SECTION 10. Section 94 of chapter 143 of the General Laws, as most recently amended by chapter 6 of the acts of 2017, is hereby further amended by adding the following subsection:-
(s) In consultation with the department of energy resources, to promulgate rules or regulations as part of the state building code for the submission of an energy scorecard, as defined in section 3 of chapter 25A, to the department of energy resources in accordance with the requirements of section 17 of said chapter 25A, following any energy assessment conducted for compliance with the state building code.

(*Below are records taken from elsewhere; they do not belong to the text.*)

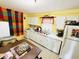 Bright kitchen with modern appliances, ample counter space, and a colorful accent wall at 202 28Th Ave. N # 5, North Myrtle Beach, SC 29582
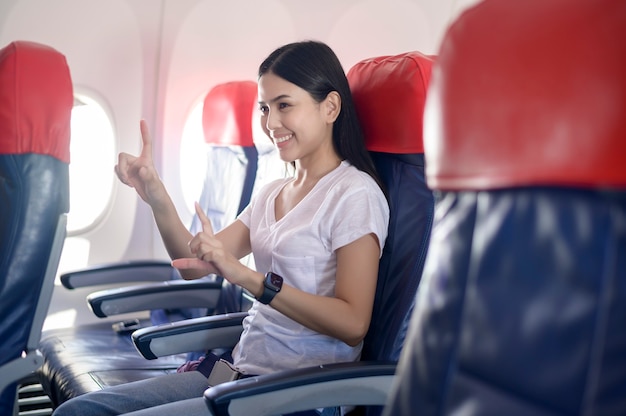 People is touching virtual screen in airplane , modern technology and transportation concept.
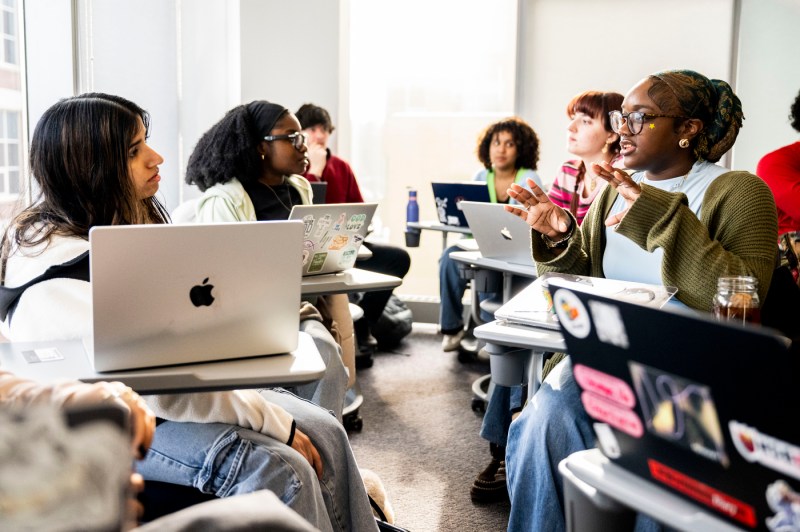 A classroom of students discusses with each other during a lesson.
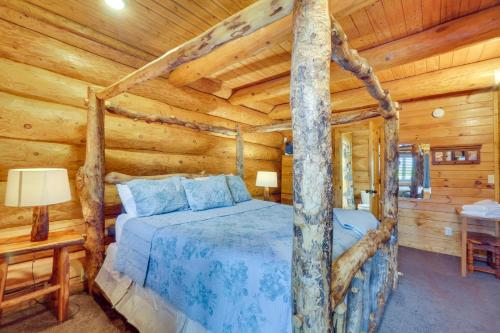 a bedroom with a bed in a log cabin at Smoky Mountain Vacation Rental with Hot Tub! in Gatlinburg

SECTION 11. Subsection (a) of section 3 of chapter 465 of the acts of 1980, as most recently amended by chapter 730 of the acts of 1989, is hereby further amended by adding the following paragraph:-
(10) requiring all utilities, with the exception of municipal corporations, to provide customers and the department of energy resources with energy scorecards, as defined in section 3 of chapter 25A of the General Laws, following: (i) an energy audit, and (ii) any subsequent modifications to a residential dwelling unit, as defined in said section 3 of said chapter 25A, that change the energy performance of such residential dwelling unit; provided, however, that the utilities shall use historical energy audit data to provide energy scorecards, as determined to be feasible by the department pursuant to section 17 of said chapter 25A.
SECTION 12. Subsection (g) of section 7 of said chapter 465, as most recently amended by chapter 209 of the acts of 2012, is hereby further amended by adding the following sentence:- All utilities, with the exception of municipal corporations, shall provide energy scorecards as defined in section 3 of chapter 25A of the General Laws to the department of energy resources, pursuant to section 17 of said chapter 25A.

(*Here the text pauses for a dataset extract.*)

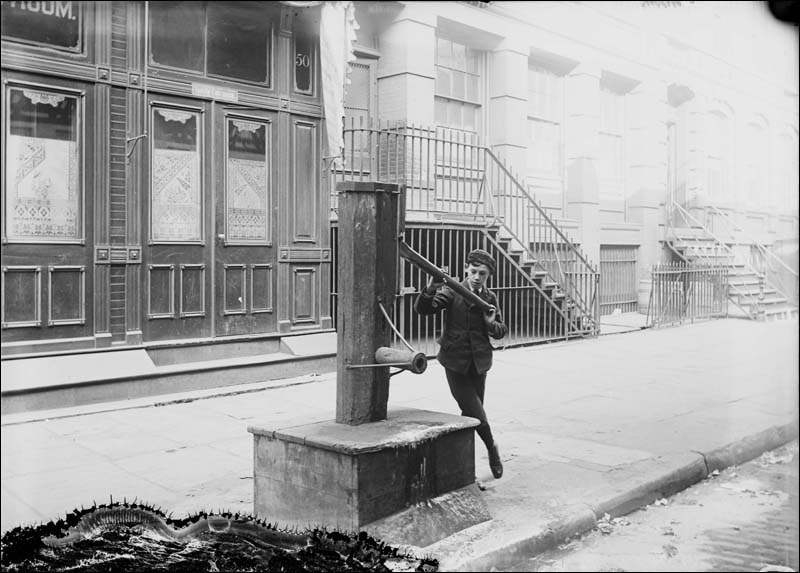 Old New York City sidewalk water pump.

SECTION 13. The department of energy resources shall promulgate regulations pursuant to section 9 of this Act before January 1, 2020.
SECTION 14. The department of energy resources shall not require an energy assessor to provide energy scorecards, as provided in paragraph (1) of subsection (b) of section 17 of chapter 25A of the General Laws, before January 1, 2020.
SECTION 15. The department of energy resources shall not require the disclosure of energy performance ratings or energy scorecards, as provided in paragraph (2) of subsection (b) of section 17 of chapter 25A, before January 1, 2021.
SECTION 16. Sections 10 through 12, inclusive, of this Act shall take effect on January 1, 2020.